The operation for regime change got complicated because former Prime Minister Nawaz Sharif refused to accept the putsch as a fait accompli and challenged it by mass mobilisation in central Punjab. Maryam Nawaz, the heir apparent of Nawaz Sharif and a rising star of Pakistani politics, gave clarity to resistance against the game plan of establishment. Any further mass mobilisation can give edge to PML (n). Opposition political parties in the meanwhile are in disarray. They aren’t united and they don’t have a coherent political strategy. PPP didn’t earn brownie points by withdrawing the bill for an across the board accountability. Ultimately all the democratic political forces could have rallied around the piece of legislation that was aimed at bringing judges and generals along with political and business elites into the net of accountability. Unfortunately Pakistani political parties tend to settle political score like fighting in tribal feuds. By referring to the bad conduct of their political opponents in the past they try to justify their current political misconduct. Consequently they aren’t able to break the vicious cycle of putschist politics. State intervention in political engineering leads to fragmentation of political parties which may be desirable for the ruling establishment but it doesn’t augur well for future of the federation. Concentration of power struggle in Punjab is sidelining the vital issues of the smaller provinces deepening their sense of deprivation.

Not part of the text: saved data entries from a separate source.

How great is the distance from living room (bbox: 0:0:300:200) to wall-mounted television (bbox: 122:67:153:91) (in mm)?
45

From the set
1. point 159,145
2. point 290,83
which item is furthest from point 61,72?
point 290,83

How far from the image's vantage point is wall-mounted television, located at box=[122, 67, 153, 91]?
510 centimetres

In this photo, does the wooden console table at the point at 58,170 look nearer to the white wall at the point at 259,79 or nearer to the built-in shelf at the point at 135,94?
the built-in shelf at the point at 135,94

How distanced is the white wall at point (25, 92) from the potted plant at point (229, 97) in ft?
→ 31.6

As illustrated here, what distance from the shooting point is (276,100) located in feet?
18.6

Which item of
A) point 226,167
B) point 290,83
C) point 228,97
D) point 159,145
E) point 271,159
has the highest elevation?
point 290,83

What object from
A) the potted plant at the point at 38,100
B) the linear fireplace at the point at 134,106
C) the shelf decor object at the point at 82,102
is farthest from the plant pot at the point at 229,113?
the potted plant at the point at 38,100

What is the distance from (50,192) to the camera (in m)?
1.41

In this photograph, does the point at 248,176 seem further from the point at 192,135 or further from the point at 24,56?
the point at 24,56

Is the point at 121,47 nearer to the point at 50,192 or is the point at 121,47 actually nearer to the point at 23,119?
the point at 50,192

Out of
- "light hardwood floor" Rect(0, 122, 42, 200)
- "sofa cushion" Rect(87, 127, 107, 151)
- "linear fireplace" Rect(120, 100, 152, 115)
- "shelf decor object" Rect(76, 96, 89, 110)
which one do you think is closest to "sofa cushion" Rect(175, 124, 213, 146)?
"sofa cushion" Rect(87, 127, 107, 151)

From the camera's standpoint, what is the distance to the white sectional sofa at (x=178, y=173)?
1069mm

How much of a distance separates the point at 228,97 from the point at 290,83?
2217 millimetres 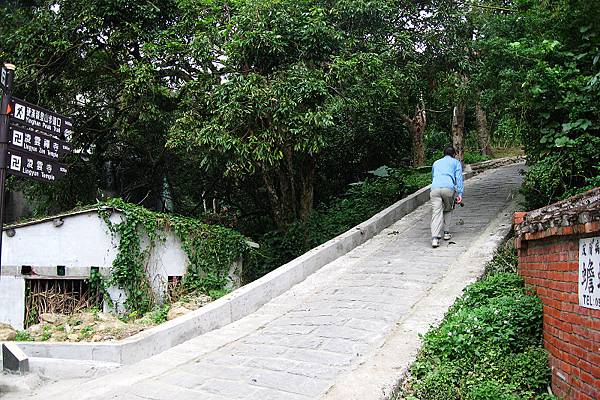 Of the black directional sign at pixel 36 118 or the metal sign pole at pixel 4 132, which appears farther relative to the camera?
the black directional sign at pixel 36 118

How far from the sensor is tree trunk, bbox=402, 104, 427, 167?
17281mm

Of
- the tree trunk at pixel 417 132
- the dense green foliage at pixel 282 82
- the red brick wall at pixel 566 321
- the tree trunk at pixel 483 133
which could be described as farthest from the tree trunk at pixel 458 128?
the red brick wall at pixel 566 321

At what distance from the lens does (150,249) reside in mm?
10023

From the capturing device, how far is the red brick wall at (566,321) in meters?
3.54

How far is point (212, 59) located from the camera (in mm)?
10523

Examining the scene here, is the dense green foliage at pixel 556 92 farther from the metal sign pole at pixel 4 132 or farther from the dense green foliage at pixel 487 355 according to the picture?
the metal sign pole at pixel 4 132

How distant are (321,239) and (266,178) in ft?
6.80

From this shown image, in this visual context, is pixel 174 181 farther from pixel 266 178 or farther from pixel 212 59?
pixel 212 59

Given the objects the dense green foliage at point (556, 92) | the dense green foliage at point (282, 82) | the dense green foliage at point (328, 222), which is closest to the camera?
the dense green foliage at point (556, 92)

Political instability in Pakistan can be disastrous at a point of time when things are heating up in South and West Asia. Negotiations about peaceful settlement of the conflict around Afghanistan seem to have entered a dead end. Afghan Taliban have reappeared on Pakistani side of the Durand Line after a while. Some analysts see it part of their winter pause but others see more ominous signs in it. The growing confrontation between KSA-Iran confrontation, reinforced by US backing for KSA, can have catastrophic consequences for situation in Balochistan. Pakistan-India standoff persists and no effort for defusing it is visible. How can Pakistani policies to meet the aforementioned challenges be effective without political ownership at home? Political parties need to start a dialogue for a new Charter of Democracy that should enunciate a package of reforms and a package of broad national policies. Agreement of political parties over a minimum program is a pre requisite for bringing political stability.

The writer is a retired Senator and an analyst of regional affairs.